とって返して日比谷。文字どおり撮影。影を撮ってみた。
ロマン・ポランスキー『おとなのけんか』(フランス ドイツ ポーランド、2011)
このあいだ『ゴーストライター』を観たと思ったのに、もうポランスキーの新作を観ている。これが実に面白い。子ども同士のけんかで、加害者の両親(ケイト・ウィンスレット&クリスフ・ヴァルツ)が被害者の両親(ジョディ・フォスター&ジョン・C・ライリー)の家に話し合いに来て、和解が成立、加害者の両親が立ち去ろうとしたところで、ちょっとした言葉のやりとりが発端でふたりは居座り、とことん話をつけることになり、それぞれが3方向とけんかしたり少し歩み寄りを見せたり、……というコメディ。もともとヤスミナ・レザがフランス語で書いた戯曲が原作。加害者の両親のアパートを舞台とした展開は、なるほど、戯曲だ。
少年同士のけんかを無音で、ロングショットで捕らえた説明的なシークエンスから幕を開ける。これがよけいな説明かな、とも思うが、そんなこともなくて、きっとこれは映画化にあたって挿入した要素なのだろうけれども、ラストに笑わされる。この少年のうちのひとりはエルヴィス・ポランスキーという名だったから、監督の孫かなにかか?
メディアは先行するメディアを取り込む。印刷物(書物)は手書きの文字(手紙)を取り込む。小説は日記と手紙を取り込み、映画は鏡と写真、小説を取り込む。
ガブリエル・ガルシア=マルケス『コレラの時代の愛』の優れているところは、主人公フロレンティーノ・アリサに電報技師という職業を与えておきながら、彼とフェルミーナ・ダサとの恋愛は手紙の範囲内に閉じ込めておこうとする、その明らかな時代・メディア意識にある。フェルミーナが最初の交際から51年9ヶ月と4日後にまたフロレンティーノの愛を受け入れようと決意するとき、すでに電話が引かれていたにもかかわらず、故障しているという理由で手紙で連絡するようにと言うのだ。

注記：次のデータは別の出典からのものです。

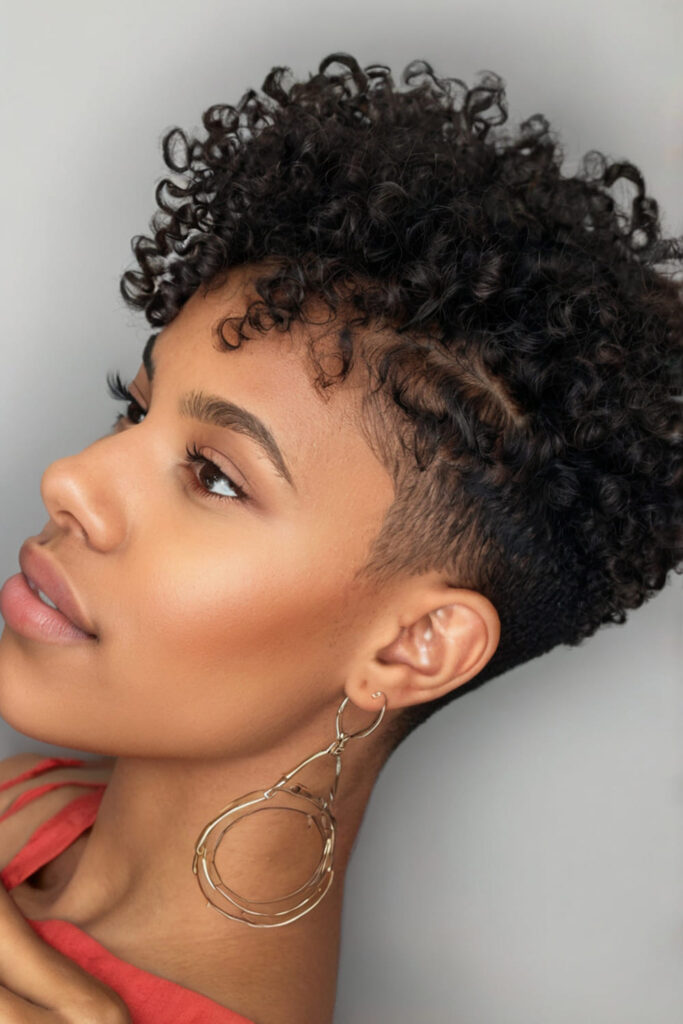 Silky Curls with Edgy Undercut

『羊たちの沈黙』のレクター博士はクラリスに、最後は手紙を書く。ところが映画化作品では彼はクラリスに電話をすることになっている。手紙を書くか電話をするか、それが小説と映画を分かつもの(リカルド・ピグリア——の登場人物——によれば、電話を小説内で利用した最初の小説家はヘミングウェイだとのこと)。
さて、かつてクラリスだったジョディ・フォスターがほとんどスッピンで出ているポランスキーのこの映画は、電話を、その伝達内容がプロット内で作用するという意味でではなく、電話そのもののメタ・メッセージ的領域での性格をうまく利用して面白い。早い話、訴訟を起こされそうになっている製薬会社の顧問弁護士であるアラン・カウワン(ヴァルツ)が、口論の最中、始終携帯電話に連絡を受け、話が途切れ、他の3人がますます気まずくなり、神経を昂ぶらせていくのだ。観客も太ももがムズムズしてくるのだが、めっぽう面白い。電話って本当に周囲をいらいらさせる。そんなことを思い出させる映画だ。